Insgesamt 169 Bewertungen
Bewertung vom 19.02.2024
Langer, Andreas

Schneekinder


sehr gut

Ein phantastischer Entwicklungsroman für junge Lesende

Selten schneidet ein Buch mit einer jungen Zielgruppe (ab 11 Jahren) so offen so viele ernste Themen an wie „Schneekinder“ von Andreas Langer: Krieg, Flucht, Tod und Verrat sind allgegenwärtig während der beschwerlichen Reise einer Gruppe von Kindern und Jugendlichen durch das ans mittelalterliche Island angelehnte Jorland.

Der Krieg in Jorland hat die Kinder und Alten allein in den Dörfern zurückgelassen. Auf sich selbst gestellt, kämpfen sie in der rauen Natur täglich ums Überleben. Doch als eine tödliche Gefahr aus einem nahen Berg die 14-jährige Elin dazu zwingt, mit einer Gruppe verängstigter Kinder die Flucht durch Eis und Schnee anzutreten, spitzt die Lage sich zu. Nicht nur das, was ihnen folgt, bereitet der Gruppe Schwierigkeiten: Mehr und mehr brodeln interne Konflikte an die Oberfläche, die die Gemeinschaft zu zerreißen drohen. Elin, die ungewollt zur Anführerin wird, muss schwierige Entscheidungen treffen und lernen, über sich selbst hinauszuwachsen. „Schneekinder“ ist somit nicht nur eine phantastische Abenteuergeschichte, sondern zugleich ein Roman über das Erwachsenwerden.
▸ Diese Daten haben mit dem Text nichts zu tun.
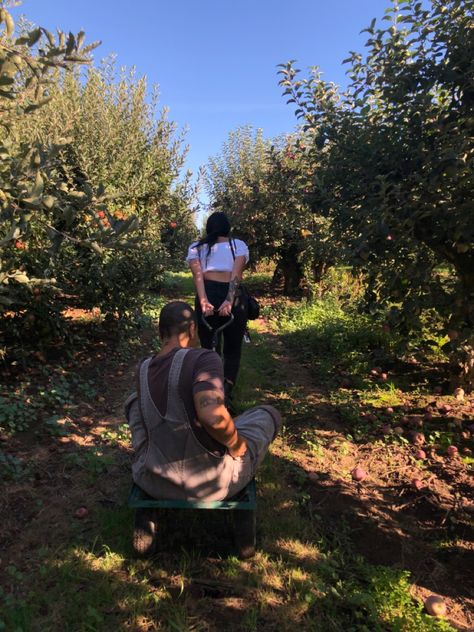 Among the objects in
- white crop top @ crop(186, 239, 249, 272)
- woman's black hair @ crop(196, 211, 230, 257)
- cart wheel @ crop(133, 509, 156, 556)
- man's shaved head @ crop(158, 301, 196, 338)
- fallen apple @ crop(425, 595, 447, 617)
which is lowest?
fallen apple @ crop(425, 595, 447, 617)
Dem Roman gelingt es über lange Strecken hinweg, eine bedrückende und zugleich märchenhafte Atmosphäre aufrechtzuerhalten, die die großen Themen Krieg und Flucht anschaulich illustriert: Grundbedürfnisse wie Kälte und Hunger stehen neben moralischen Fragen nach Solidarität und Menschlichkeit in existenziellen Krisen. Die Gruppendynamik, die stets präsent ist, bietet daneben viel Raum für zwischenmenschliche Konflikte: Fremdheit und Empathie, Anführerschaft, Generationenkonflikte, Neid und nicht zuletzt Solidarität sind hier Thema. So viele Konflikte (und gerade so viele ernste Konflikte) auf engem Raum, dicht an dicht mit phantastischen Elementen, bedrohlichen oder überraschenden Begegnungen im wilden Jorland sowie der drohenden Gefahr im Rücken lassen den Roman manchmal etwas überfrachtet wirken – insbesondere überfrachtet mit Traumatischem: Manch eine Figur scheint einzig und allein deshalb aufzutauchen, um eine weitere Dimension des Schreckens zu veranschaulichen. Nichtsdestotrotz ist „Schneekinder“ ein beeindruckendes Buch: Offen, aber nicht schonungslos zeigt der Roman auf, was Angst mit Menschen machen kann. Die Schilderung durch die Augen der jugendlichen Protagonistin Elin, die viel zu schwere Entscheidungen treffen muss, hat etwas Anrührendes. Dass ihr Bruder Kjell daneben noch einen eigenen Handlungsstrang bekommt, der eher dem klassischen Abenteuerroman gleicht, wirkt dadurch fast nur noch wie Beiwerk.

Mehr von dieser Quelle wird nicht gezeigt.